Kees Buijs werkt als teamleider aan de invoering van de Richtlijnen jeugdhulp en jeugdbescherming in hun dagelijkse werk.
Kees Buijs, Teamleider bij de Raad voor de Kinderbescherming, regio Rotterdam-Dordrecht
'Richtlijnen helpen om goed het gesprek met ouders aan te gaan en een deskundig oordeel te geven.'
Sinds begin dit jaar werkt de Raad voor de Kinderbescherming (RvdK) hard aan de invoering van de Richtlijnen jeugdhulp en jeugdbescherming in hun dagelijkse werk. Kees Buijs, teamleider in de regio Rotterdam-Dordrecht, deelt zijn ervaringen.
‘Wij zijn de laatste schakel in de hulpverlening. Als de veiligheid van een kind onder een bepaalde grens zakt, dan komt men bij de RvdK terecht. Wij moeten dan kritisch bekijken welke middelen er zijn om ervoor te zorgen dat ouders weer zelf de verantwoordelijkheid kunnen dragen voor hun kind. En dan moet je natuurlijk weten wat er voor deze problematiek voorhanden is. Wat is de gangbare manier om dit op te lossen?’
Beste aanpak
‘De richtlijnen zijn een accumulatie van alle kennis die er in dit vakgebied over een bepaalde problematiek is. Ze helpen ons om een deskundig oordeel te geven en een goed advies te formuleren. We verhogen zo de kwaliteit van onze beeldvorming van de problematiek, én van wat er na ons komt. Een gezinsvoogd weet dat wij aan de hand van de richtlijnen naar de problematiek hebben gekeken. Die kan aan het gezin duidelijk maken dat wij met elkaar hebben bepaald wat er moet gebeuren voor de veiligheid van het kind.
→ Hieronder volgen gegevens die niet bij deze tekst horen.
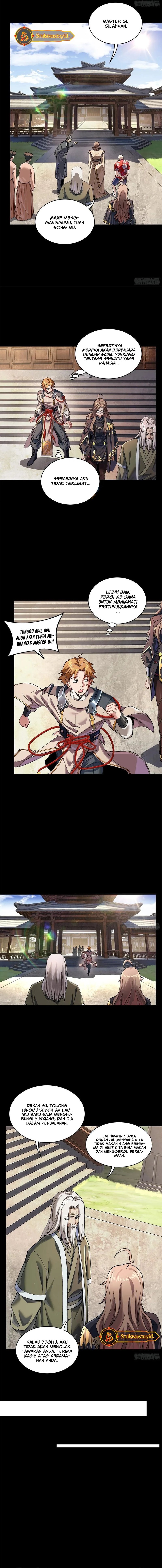 Legend of Star General Chapter 203 Image 2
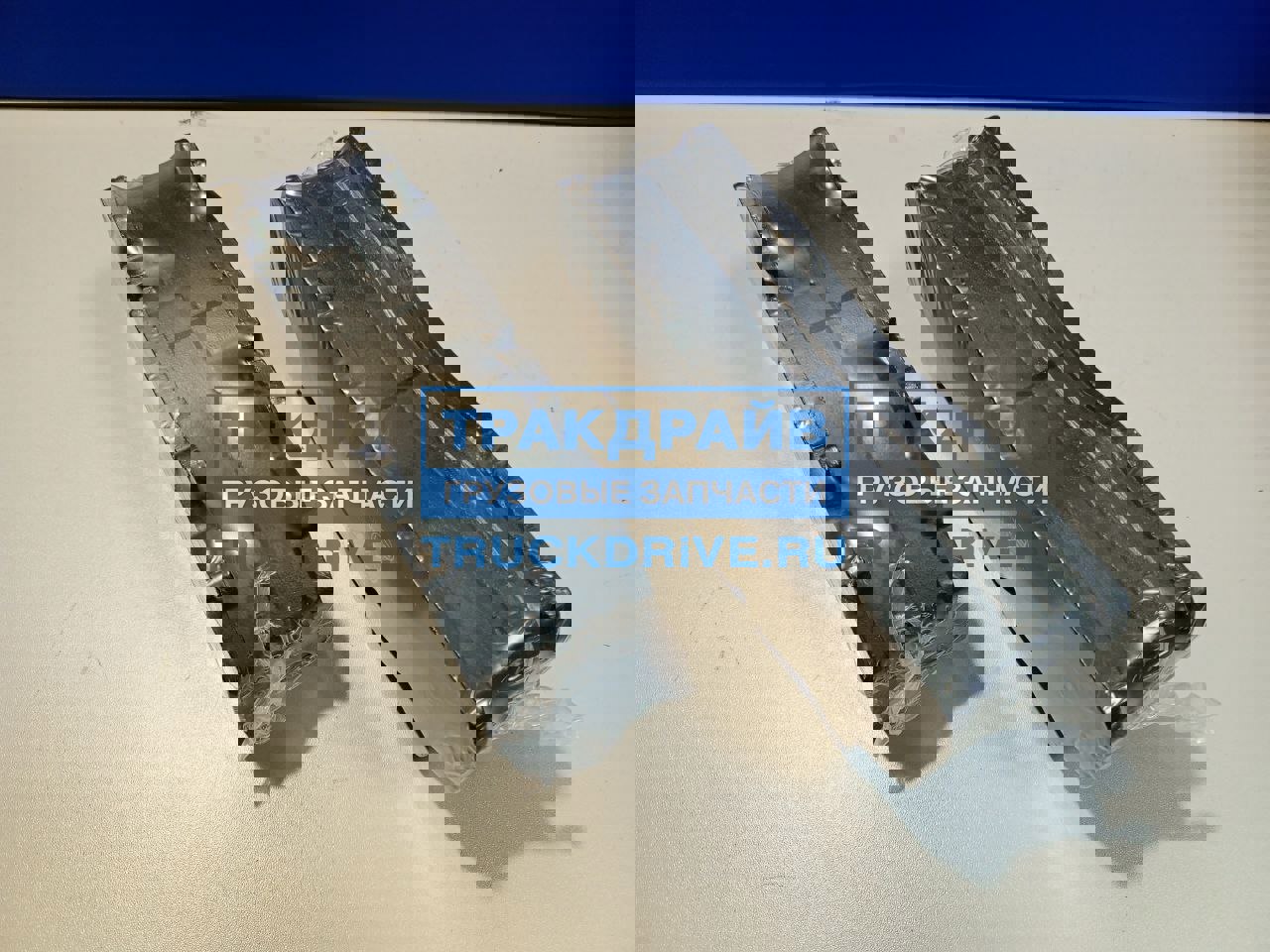 Колодки тормозные для Камаз 4308 тормозная система WABCO CAMPAR с ...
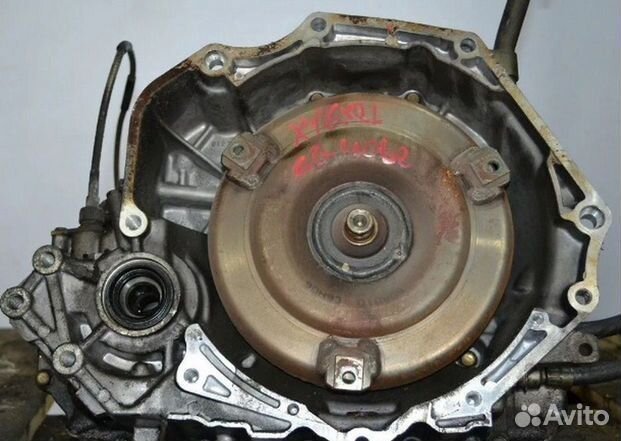 АКПП Opel Corsa B 1993-2000г 1.4 AF13 (60-40LE)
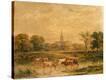 Stretched Canvas Print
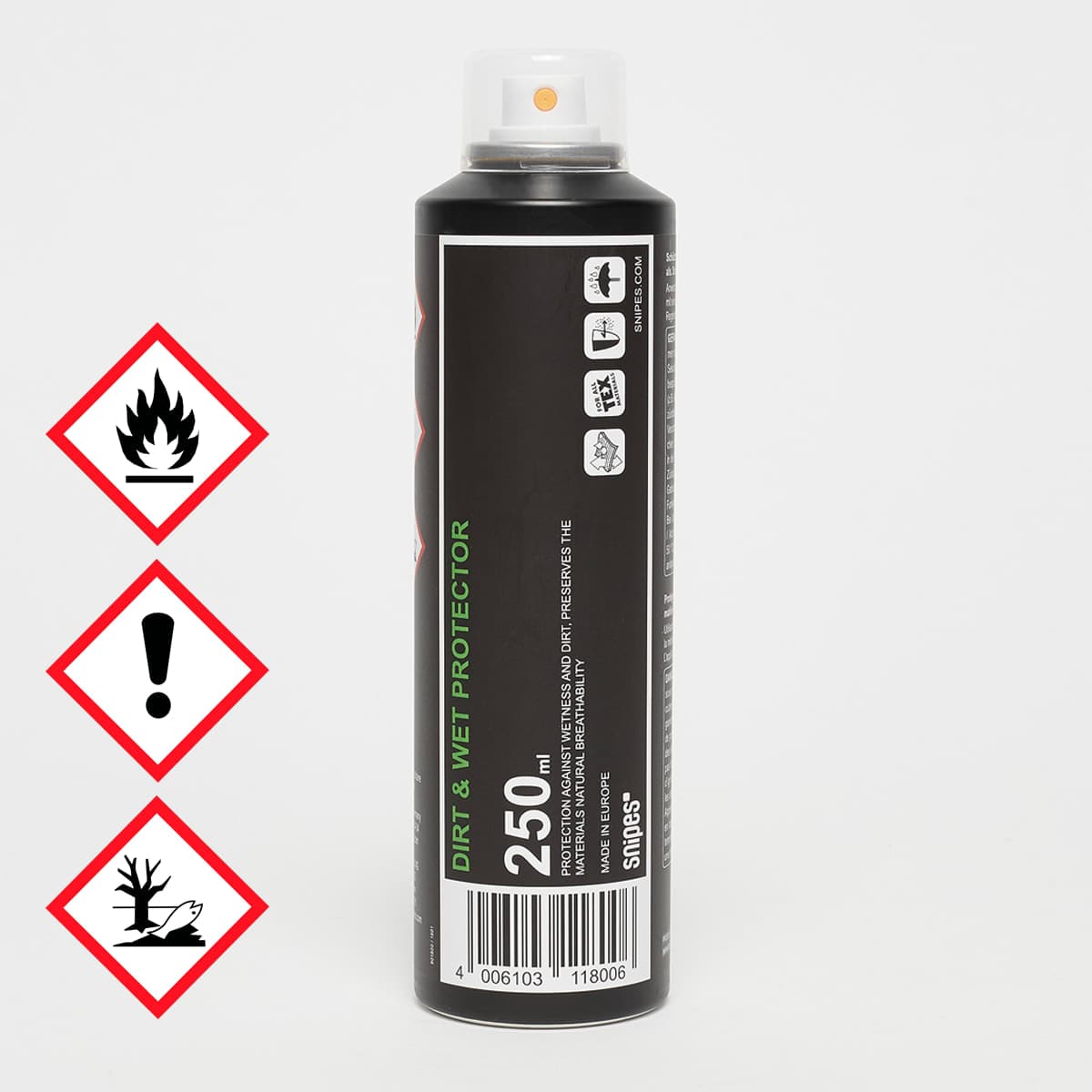 Dirt & Wet Protector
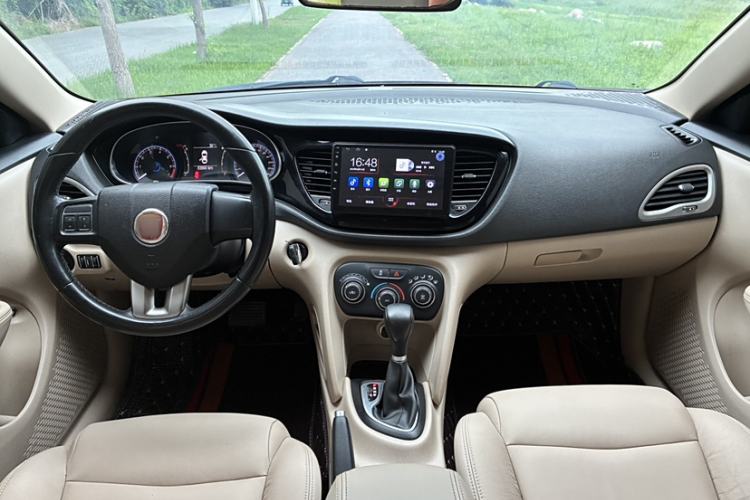 Used Fiat Viaggio 2012 1.4T Automatic Jingxiang Edition
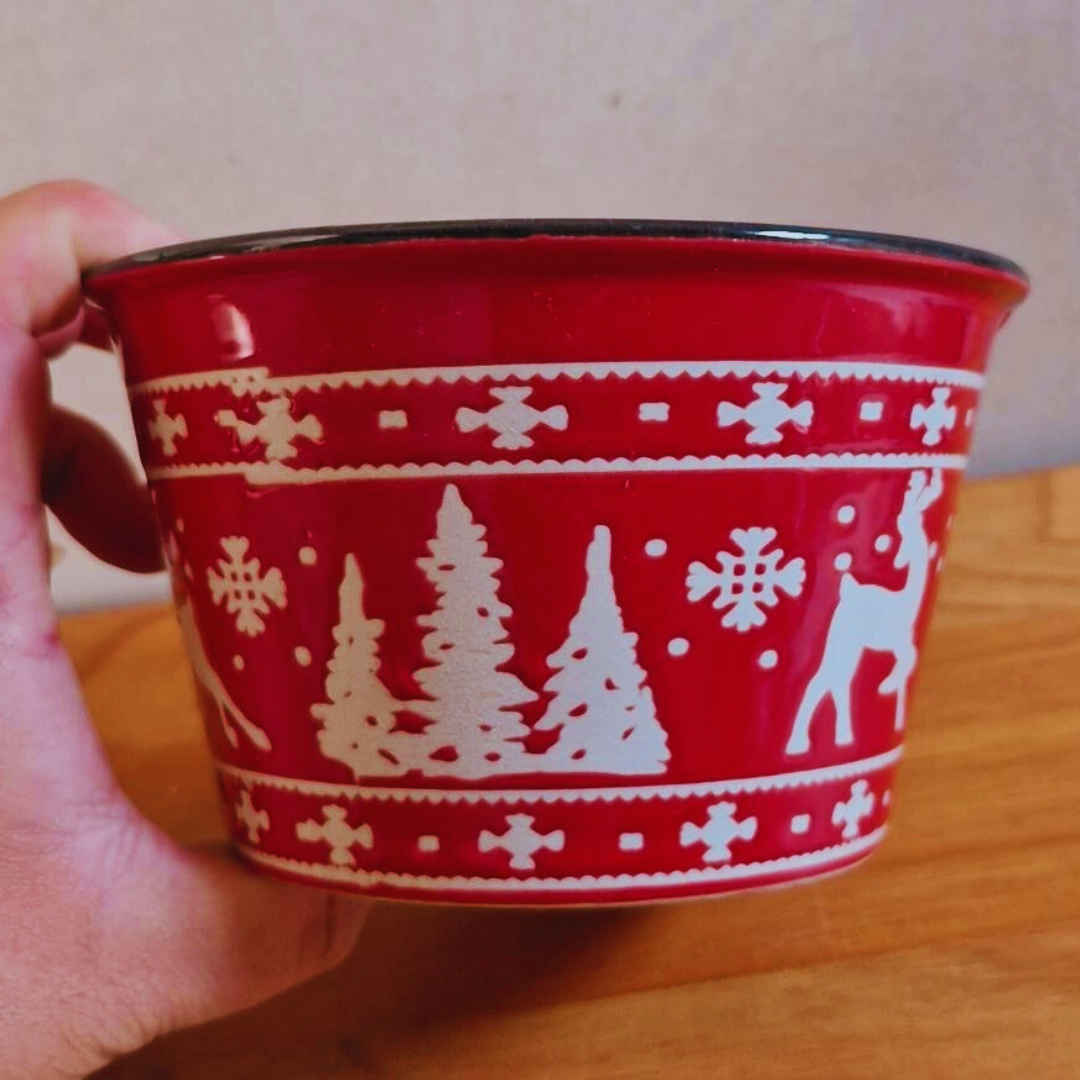 BOWL NAVIDEÑO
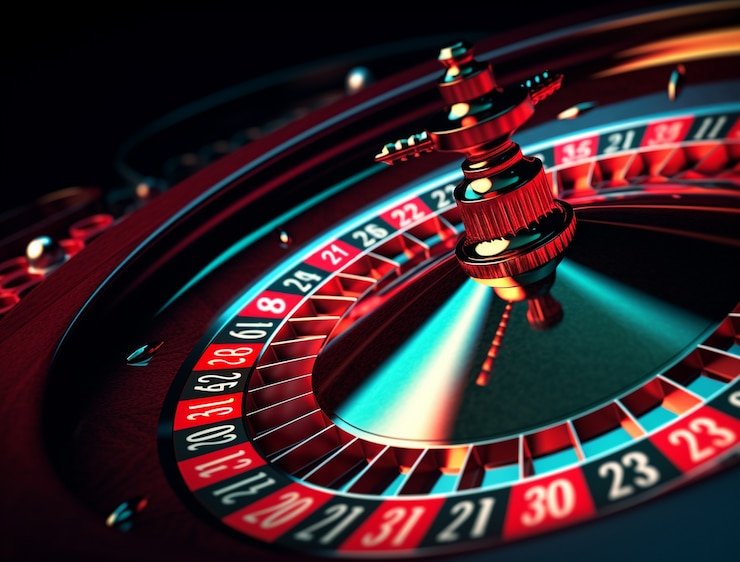 Visual Permainan Limbo badut69 neon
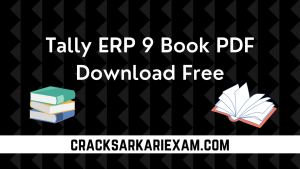 tally erp 9 practice book pdf free download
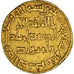 Moneta, Omayyad, Sulayman ibn ‘Abd al-Malik, Dinar, AH 97 / 715-6, AU(50-53)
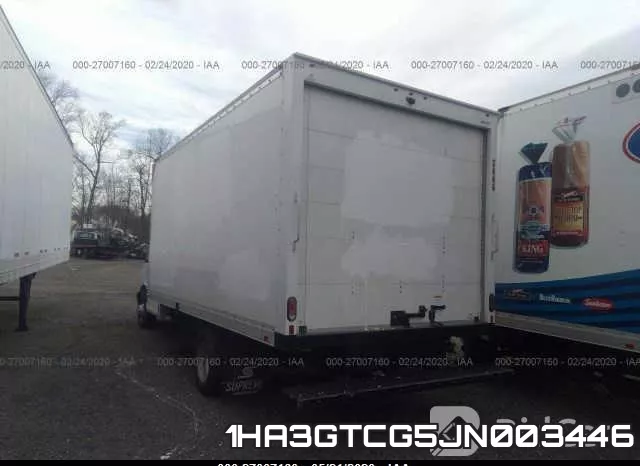 1HA3GTCG5JN003446 фото 8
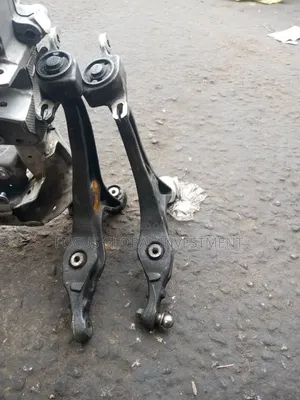 Front Low Arms for Ml 2010 Model Complete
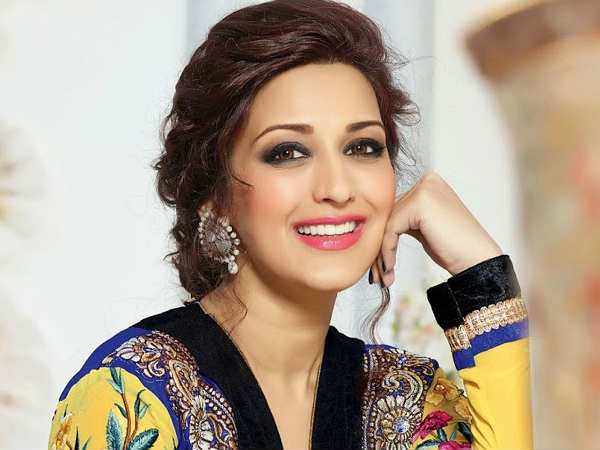 சோனாலி பிந்த்ரே!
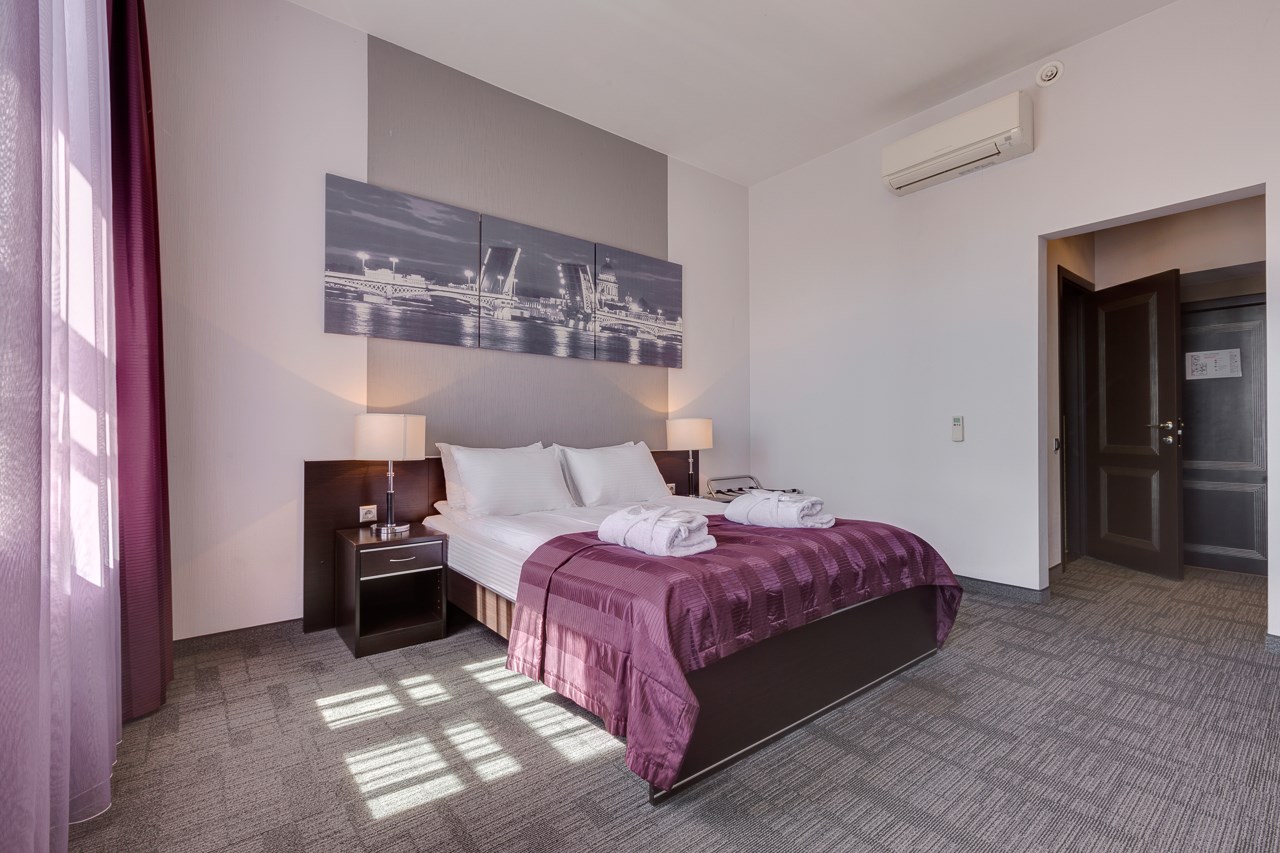 Фотография Улучшенный 3-местный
De richtlijnen helpen om het gesprek met ouders op een goede manier te voeren. We kunnen zeggen dat het niet een particuliere werker of die ene instelling is die dit vindt, maar dat we in Nederland met deze staat van kennis weten dat dit de beste aanpak is.’
Professionaliteit
‘De richtlijnen sluiten mooi aan bij het nieuwe kwaliteitskader van de RvdK. We willen niet meer een regelgestuurde organisatie zijn, maar veel meer uitgaan van wat professionals zelf weten en kunnen. Daar hebben we tools voor nodig. Het nieuwe kwaliteitskader is er daar een van, waarin we waarden meegeven die belangrijk zijn in ons werk. Ook de richtlijnen ondersteunen deze manier van werken. Medewerkers moeten hun eigen professionaliteit gebruiken om te beoordelen hoe een richtlijn past bij de situatie van een kind en gezin. Samenwerking tussen de professionals is hierbij essentieel. Richtlijnen helpen om een eenduidig gesprekskader te scheppen.’
De diepte in
‘We begonnen het jaar met een kick-offbijeenkomst, waarin we een tipje van de sluier oplichtten over de invoering van de richtlijnen. We hebben vervolgens ingeschreven op een masterclass richtlijnen. Dat is voor iedereen die in de uitvoering zit, dus zowel raadsonderzoekers als gedragsdeskundigen en juristen. We willen daarna de diepte in: wat staat er precies in de richtlijnen en vooral, hoe gaan we ze toepassen in ons werk? Zeker omdat wij niet-vrijwillig contact hebben met cliënten en omdat we niet behandelen. We willen dit samen met alle professionals doen, die zo zelf inhoud kunnen geven aan het werken met de richtlijnen. Een werkgroep bereidt dit nu voor. Vanaf het najaar gaan we een voor een de richtlijnen bespreken die essentieel zijn voor ons werk, aan de hand van casuïstiek. Als je dat allemaal in één keer doet, verwatert het namelijk snel.’
Gebruiksinstrument
‘Tussendoor besteden we ook veel aandacht aan de richtlijnen: er liggen samenvattingen in vergaderruimtes, we hebben folders en posters, en in vergaderingen komen ze regelmatig terug. Op allerlei manieren houden we de richtlijnen warm. Inmiddels weet iedereen dat de richtlijnen bestaan. Maar het gaat er nu om dat iedereen ze kan gebruiken in de lastige weging die ze moeten maken met gezinnen. De richtlijnen moeten een gebruiksinstrument worden, dat op het bureau ligt en je er gemakkelijk bij pakt om te zien wat een goede aanpak is bij bepaalde problematiek. Daar willen we naartoe.’